Copy out the data from the line containing "местной больницы в" to its last line, exactly. No pictures.

Source data Block Start

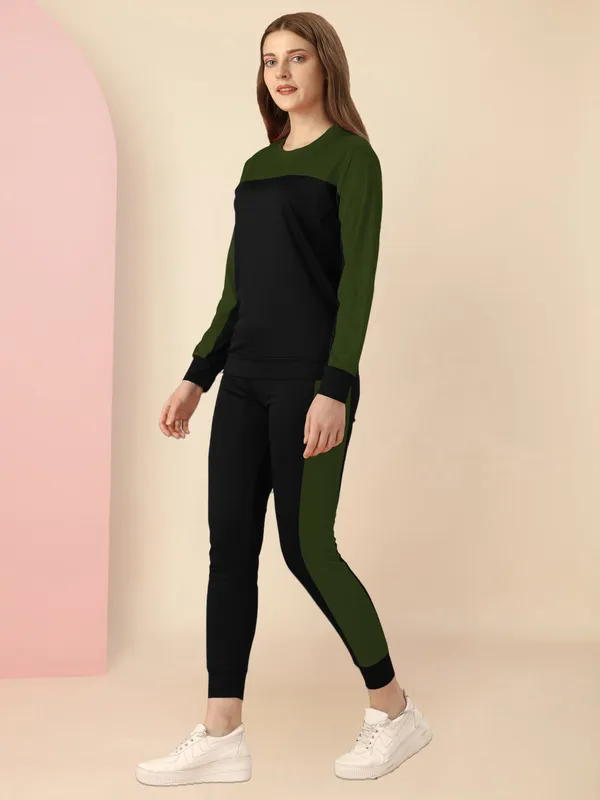 Green_Stylish_Two-Tone_Track_Suit_with_Full_Sleeves_and_Side_Panel_Design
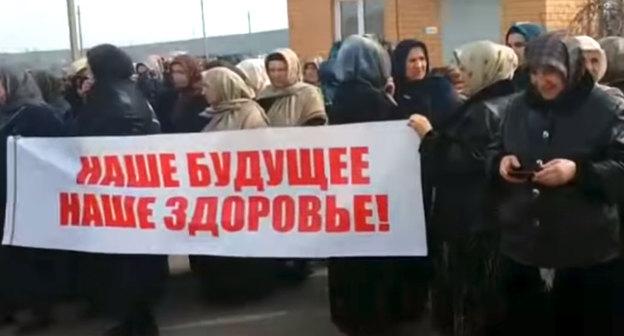 Митинг против «увода» местной больницы в  селе Гурбуки Карабудахкентского района Дагестана. Фото: кадр видео gazetachernovik, https://www.youtube.com/watch?v=ZRvU4kq5mSQ

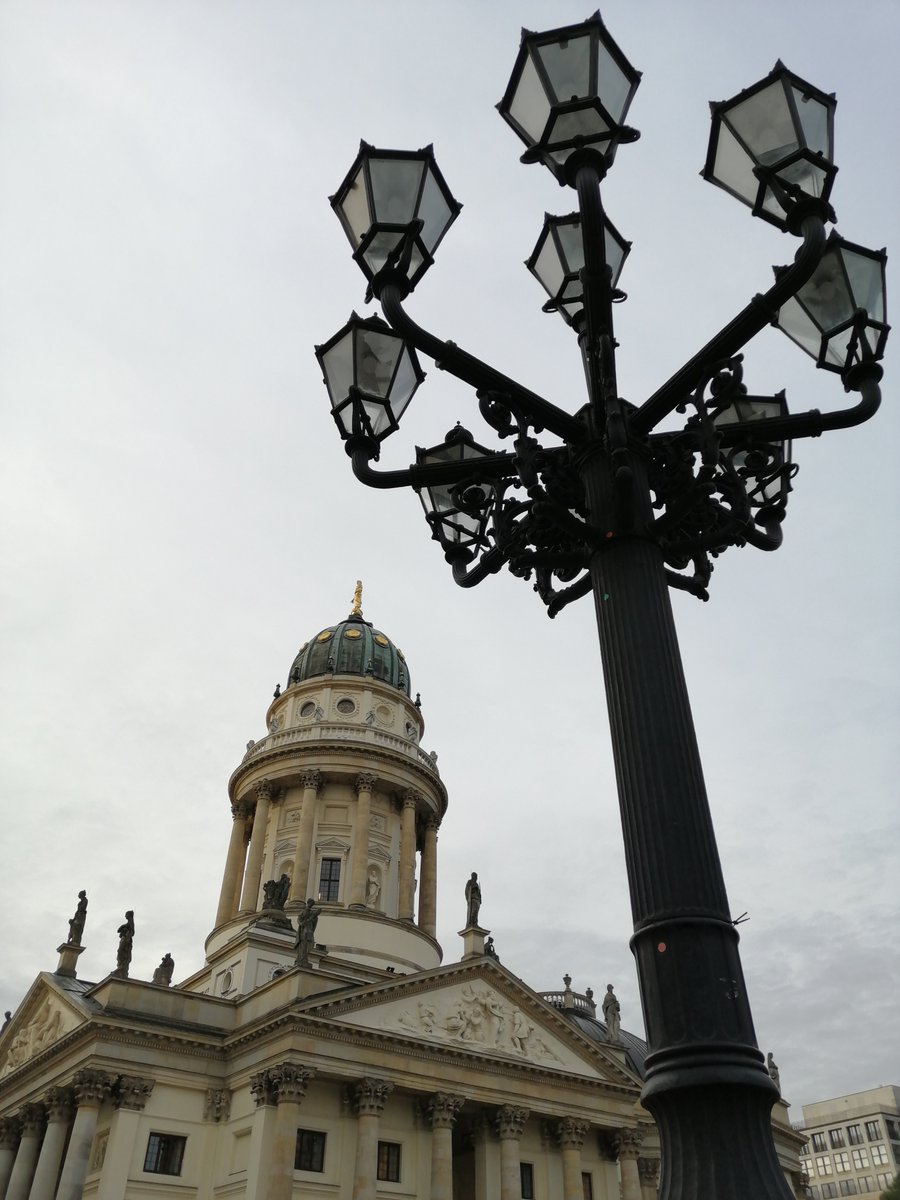 Leidenschaftlich. Visionär. Inspirierend. Interdisziplinär. Das war der #DeWIT19. Danke an alle Beteiligten! Danke Berlin!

Source data Block End

**The answer**
 Митинг против «увода» местной больницы в  селе Гурбуки Карабудахкентского района Дагестана. Фото: кадр видео gazetachernovik, https://www.youtube.com/watch?v=ZRvU4kq5mSQ

 Leidenschaftlich. Visionär. Inspirierend. Interdisziplinär. Das war der #DeWIT19. Danke an alle Beteiligten! Danke Berlin!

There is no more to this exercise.